Of course, there are some difficulties in transitioning Chesterton’s famous priest-detective from the page to the small screen. As Michael Newton noted a day after the series began, Chesterton’s protagonist is so humble a character, so unconcerned about his own self, that it’s hard to make a show that focuses directly on him:
Father Brown is comically unobtrusive. Indeed it seems that Chesterton was at first occupied with making a joke in which he wrote detective stories where the aim was to puzzle out who the real detective is. Often Brown makes his first appearance as an aside or as one item in a list, edging sideways into the story. His most conspicuous feature is his inconspicuousness. Neither film nor TV is a medium built for the celebration of humility.
So we are to understand that the new series has had to make certain changes in order to “work” for television.

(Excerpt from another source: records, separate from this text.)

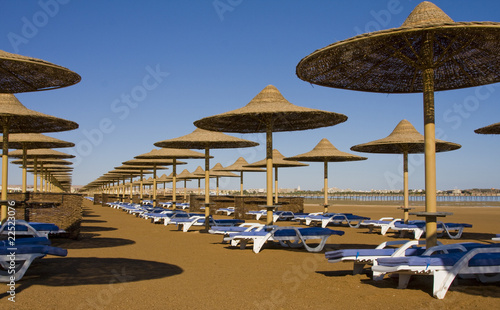 Beach umbrella on the shore of the Red Sea. Hurghada  Egypt.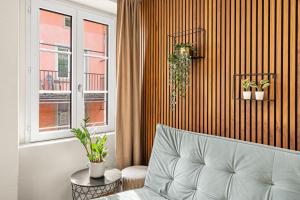 a living room with a couch and a window at BERG & BERG Apartments - Luzern Self-Check-in in Lucerne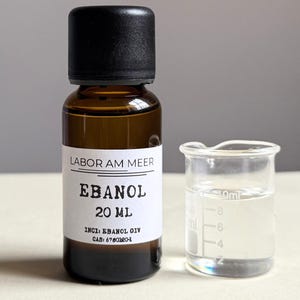 May include: A brown glass bottle with a black cap and a white label that reads "LABOR AM MEER EBANOL 20 ml". Next to it is a small glass beaker with a clear liquid inside.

Father Brown makes a more direct transition to the centre of the stories. Moreover, the tales are reconfigured to take place in one small English village in the 1950′s. As a result, the great French detective Valentine (Chesterton’s initial foil) becomes an English detective, rather than a world-renowned investigator. But then, such changes are to be expected: all translation is by necessity interpretation and re-creation.
We know that the show was well-received in England; more than 2 million people tuned in for each episode, and so the show has been commissioned for a second series. But has the new translation to television done justice to Chesterton’s original? Well, that’s something we in the United States and Canada will just have to wait to discuss until the show makes an appearance in North America.
The question as to what religious impact the show might have on the English audience also remains to be seen. After all, the stories of Father Brown are about a Catholic priest. More than that, they are about a respectable, intelligent Catholic priest. In a country where only 59.3 percent of the population still self-identifies as Christian (2011 statistics, down from 71.8 percent in 2001, and increasing numbers are declaring themselves atheists, the presence of a strong Christian character on popular television is certainly significant.
After all, as starring actor (and self-described “pantheistic humanist”) Mark Williams himself explains, Father Brown is not simply another television detective:
[Father Brown] has a huge appetite for the detail of life and for humanity, and he cares very much about people’s souls. That’s the most interesting thing about him as a sleuth: it’s not him solving a conundrum or a crossword, he’s dealing with what he sees as people’s eternal damnation. And when he works it out, the sky turns black and is full of harpies; he’s desperately committed to his morality.
I have to say, I’m looking forward to seeing BBC’s new small-screen take on redemptive mystery.